Canada's Neo Financial closes on $145M Series C, surpasses 1 million customers (2022)
This is an old story, though only recently did I learn that Neo, a fairly new “fintech disruptor” in Canada, from which we do have a credit card – a store branded card for a store that no longer exists – has Peter Thiel’s Valar Ventures as a big investor. One of many revelations in the latest batch of DOJ Epstein releases is that Epstein was a big investor in Valar. Unless you live entirely off the grid it’s almost impossible to not be stained by these people’s blood money.
Unrelated, but Good Internet Magazine published their Autumn/Winter issue last week. Or, at least, published its articles online. There’s a bunch of pieces there I’m going to go through. Looks like the amount of work to put it together, and the overall level of effort to get a publication out, means it’s going to turn into an annual. I have a pitch idea in my head about something for Good Internet, though before I get there I probably should support the magazine first and get it physically into my hands.
Listen to this
A few weeks ago I put together a playlist for myself of 1990s very CanCon alternative rock. The kind of very Canadian stuff I’d have heard played on 102.1 The Edge or MuchMusic. There are always some bands and tracks I always forget from that era so it was mostly an exercise in memory.
To be honest, a lot of it is just OK. Not bad, not great, but persisting solely on the nostalgia of having been overplayed 30 years ago. I added one Our Lady Peace song, one of the bigger alternative acts to emerge from that time, to the list. As a noted Our Lady Peace hater I did so out of necessity.
There are some great tracks though and it was fun rediscovering them, even during my hater of guitar era. Maybe that’s why I like The Inbred’s “Any Sense of Time” so much: it technically has no guitar; it’s a bassist and drummer duo.
Amongst all those songs there’s one I love more than ever. It still sounds great. It doesn’t feel dated, partly because of its more dubby and electronic influences. It’s danceable. And the lyrics, a political poem about the feeling of guilt trying to survive in a neoliberal world while revolutionaries are fighting for life and freedom in far off lands, are as relevant as ever.

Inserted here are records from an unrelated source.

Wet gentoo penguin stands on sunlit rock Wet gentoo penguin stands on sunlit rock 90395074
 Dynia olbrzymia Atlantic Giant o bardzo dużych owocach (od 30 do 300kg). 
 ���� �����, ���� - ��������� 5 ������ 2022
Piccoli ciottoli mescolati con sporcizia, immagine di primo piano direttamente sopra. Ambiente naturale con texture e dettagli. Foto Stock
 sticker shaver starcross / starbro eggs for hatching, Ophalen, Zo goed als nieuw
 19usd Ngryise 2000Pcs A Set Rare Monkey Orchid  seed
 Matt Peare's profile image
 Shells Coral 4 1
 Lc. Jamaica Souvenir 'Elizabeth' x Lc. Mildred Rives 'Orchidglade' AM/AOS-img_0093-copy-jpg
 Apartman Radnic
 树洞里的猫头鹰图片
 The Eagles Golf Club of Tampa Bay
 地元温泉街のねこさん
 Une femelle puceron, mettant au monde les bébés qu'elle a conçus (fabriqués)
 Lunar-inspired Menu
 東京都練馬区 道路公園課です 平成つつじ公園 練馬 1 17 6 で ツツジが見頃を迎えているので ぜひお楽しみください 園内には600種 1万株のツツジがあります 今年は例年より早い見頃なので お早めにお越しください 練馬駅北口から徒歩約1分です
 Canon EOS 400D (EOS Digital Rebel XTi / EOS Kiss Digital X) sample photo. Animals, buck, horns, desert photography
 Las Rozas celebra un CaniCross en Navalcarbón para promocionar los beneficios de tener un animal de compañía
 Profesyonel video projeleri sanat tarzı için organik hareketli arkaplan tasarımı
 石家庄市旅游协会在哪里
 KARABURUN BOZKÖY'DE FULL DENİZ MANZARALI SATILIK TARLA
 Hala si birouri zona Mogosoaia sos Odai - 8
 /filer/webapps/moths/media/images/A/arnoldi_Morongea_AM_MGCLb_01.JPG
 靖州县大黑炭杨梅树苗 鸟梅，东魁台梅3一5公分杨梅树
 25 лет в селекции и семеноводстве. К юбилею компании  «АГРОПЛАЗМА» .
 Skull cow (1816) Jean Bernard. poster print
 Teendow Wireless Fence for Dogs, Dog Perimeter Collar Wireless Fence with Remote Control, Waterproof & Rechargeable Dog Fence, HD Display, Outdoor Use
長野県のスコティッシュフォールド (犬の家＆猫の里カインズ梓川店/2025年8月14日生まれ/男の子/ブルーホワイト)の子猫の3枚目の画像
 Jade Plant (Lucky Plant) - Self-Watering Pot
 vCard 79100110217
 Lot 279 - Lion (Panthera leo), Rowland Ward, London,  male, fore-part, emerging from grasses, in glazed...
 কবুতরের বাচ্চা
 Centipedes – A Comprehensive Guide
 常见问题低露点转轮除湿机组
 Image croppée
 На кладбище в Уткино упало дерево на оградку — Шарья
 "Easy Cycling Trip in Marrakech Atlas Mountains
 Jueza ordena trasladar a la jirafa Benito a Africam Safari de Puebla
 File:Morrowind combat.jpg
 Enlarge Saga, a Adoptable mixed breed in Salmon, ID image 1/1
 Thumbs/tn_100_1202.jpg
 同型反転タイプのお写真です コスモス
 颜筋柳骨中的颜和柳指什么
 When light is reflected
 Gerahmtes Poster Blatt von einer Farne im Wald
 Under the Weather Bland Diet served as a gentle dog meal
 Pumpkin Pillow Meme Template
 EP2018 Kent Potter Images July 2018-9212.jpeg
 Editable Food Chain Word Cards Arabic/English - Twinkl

Today I tried like hell to clear my head of troubled times
But I couldn't stop the desperation fighting for my life
Never held illusions, never fallen on pretense
While I worried how to make the rent, they put a bullet in your head
Saro-wiwa, when will this struggle end?
Losing faith in my convictions and the words that I have read
Saro-wiwa, each day so many lies
Conscience traded on the market while the poor are left to die
Apocalypse or jubilee, I just want to see the end
Sometimes I’m apocalypse, sometimes I’m jubilee, but this last week I am a year older.